Case management is such an important task for litigators. We must plan how best to utilize the allotted and often limited time provided for each case. Some courts set strict case management deadlines while others permit the parties to proceed at their own pace without much direction. We must budget our time in an efficient and reasonable manner. We must also balance our personal commitments with the needs of our clients and that is no easy task. Ultimately, all attorneys have faced scheduling conflicts due to personal commitments: vacations, appointments, and family obligations. What about the birth of a child? The Florida Supreme Court recently considered, and rejected, whether to adapt a policy to stay litigation during an attorney’s parental leave.
Parental leave policies permit employees an opportunity to care for a newborn child.
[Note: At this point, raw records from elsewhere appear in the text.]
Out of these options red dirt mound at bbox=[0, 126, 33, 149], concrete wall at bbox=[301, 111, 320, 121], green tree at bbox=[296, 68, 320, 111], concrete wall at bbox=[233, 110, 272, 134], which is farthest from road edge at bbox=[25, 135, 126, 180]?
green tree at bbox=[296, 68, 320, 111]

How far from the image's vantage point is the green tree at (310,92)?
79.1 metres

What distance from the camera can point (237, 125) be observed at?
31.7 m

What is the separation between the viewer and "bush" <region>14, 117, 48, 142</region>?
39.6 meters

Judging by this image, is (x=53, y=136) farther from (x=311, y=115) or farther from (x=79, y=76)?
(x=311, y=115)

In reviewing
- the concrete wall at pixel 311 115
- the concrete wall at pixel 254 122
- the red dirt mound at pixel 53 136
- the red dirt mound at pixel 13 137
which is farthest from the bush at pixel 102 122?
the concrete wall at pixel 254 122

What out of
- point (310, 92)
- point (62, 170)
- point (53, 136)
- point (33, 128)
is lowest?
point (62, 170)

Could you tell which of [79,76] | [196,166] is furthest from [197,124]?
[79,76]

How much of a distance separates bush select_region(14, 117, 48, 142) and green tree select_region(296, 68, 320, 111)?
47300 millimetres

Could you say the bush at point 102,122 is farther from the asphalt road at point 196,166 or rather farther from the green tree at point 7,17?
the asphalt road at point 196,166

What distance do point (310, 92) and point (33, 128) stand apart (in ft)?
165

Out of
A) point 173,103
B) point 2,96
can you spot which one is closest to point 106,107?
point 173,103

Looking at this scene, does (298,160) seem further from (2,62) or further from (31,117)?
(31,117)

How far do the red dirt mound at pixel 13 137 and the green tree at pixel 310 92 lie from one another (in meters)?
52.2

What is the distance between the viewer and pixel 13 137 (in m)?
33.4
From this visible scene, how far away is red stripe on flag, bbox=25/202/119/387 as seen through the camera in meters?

For many, that leave provides invaluable time to provide for a newborn. But, litigation does not take vacation. This places attorneys who are parents of a newborn in a difficult position: to request postponement of an active matter or to somehow juggle childcare or some combination of the two.
The Florida Rules of Judicial Administration Committee considered a rule that would address motions for continuances based on the lead counsel’s parental leave. Ultimately, the Committee recommended against such a rule believing that it was best to leave such case management decisions to the discretion of the presiding judge.
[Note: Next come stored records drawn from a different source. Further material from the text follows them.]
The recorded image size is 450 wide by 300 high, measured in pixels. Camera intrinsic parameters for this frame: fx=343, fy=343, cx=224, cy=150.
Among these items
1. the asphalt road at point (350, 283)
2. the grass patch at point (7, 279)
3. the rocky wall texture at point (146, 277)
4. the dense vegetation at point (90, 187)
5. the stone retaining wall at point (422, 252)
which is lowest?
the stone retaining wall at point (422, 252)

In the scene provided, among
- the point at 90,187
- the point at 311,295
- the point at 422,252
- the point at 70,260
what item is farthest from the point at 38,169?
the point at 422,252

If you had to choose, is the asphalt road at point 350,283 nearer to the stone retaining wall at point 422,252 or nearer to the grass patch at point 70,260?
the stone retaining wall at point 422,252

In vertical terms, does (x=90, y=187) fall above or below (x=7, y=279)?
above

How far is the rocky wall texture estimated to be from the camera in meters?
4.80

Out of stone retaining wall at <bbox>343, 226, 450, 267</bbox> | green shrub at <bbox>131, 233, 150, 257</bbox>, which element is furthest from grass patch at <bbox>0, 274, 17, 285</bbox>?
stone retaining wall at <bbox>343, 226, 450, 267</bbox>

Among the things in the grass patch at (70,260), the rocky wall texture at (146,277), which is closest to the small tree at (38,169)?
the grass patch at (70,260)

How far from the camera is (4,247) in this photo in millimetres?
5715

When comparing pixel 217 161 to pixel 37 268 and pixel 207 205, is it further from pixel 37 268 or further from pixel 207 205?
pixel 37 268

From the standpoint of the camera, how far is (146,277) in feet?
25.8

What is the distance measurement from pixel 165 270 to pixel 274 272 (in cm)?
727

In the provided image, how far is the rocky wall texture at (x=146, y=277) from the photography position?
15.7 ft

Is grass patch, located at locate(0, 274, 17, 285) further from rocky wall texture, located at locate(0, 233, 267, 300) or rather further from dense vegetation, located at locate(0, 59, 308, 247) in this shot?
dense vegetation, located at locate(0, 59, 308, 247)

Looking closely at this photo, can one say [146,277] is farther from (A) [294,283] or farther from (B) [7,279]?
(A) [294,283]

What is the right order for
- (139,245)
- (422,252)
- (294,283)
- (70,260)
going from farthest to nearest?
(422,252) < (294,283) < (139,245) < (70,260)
Those in favor of the rule argued that a parental leave continuance rule would provide more predictability in the court’s treatment of continuance requests and would “reduce obstacles to career advancement faced by women who bear children” and would encourage male use of leave.
The Committee considered whether it was prudent to delay a case due to an attorney’s personal situation, especially if the delay could cause potential harm to the parties, the court, opposing counsel. Judges frequently address whether to grant continuances taking into account the reason for the request, the history of the case, the matters in dispute, the age of the case, court resources and other factors. The judge must balance many factors. The Committee concluded that a rule addressing parental leave was not necessary to address these concerns and that the court was in the best position to effectively consider the issues on a case-by-case basis.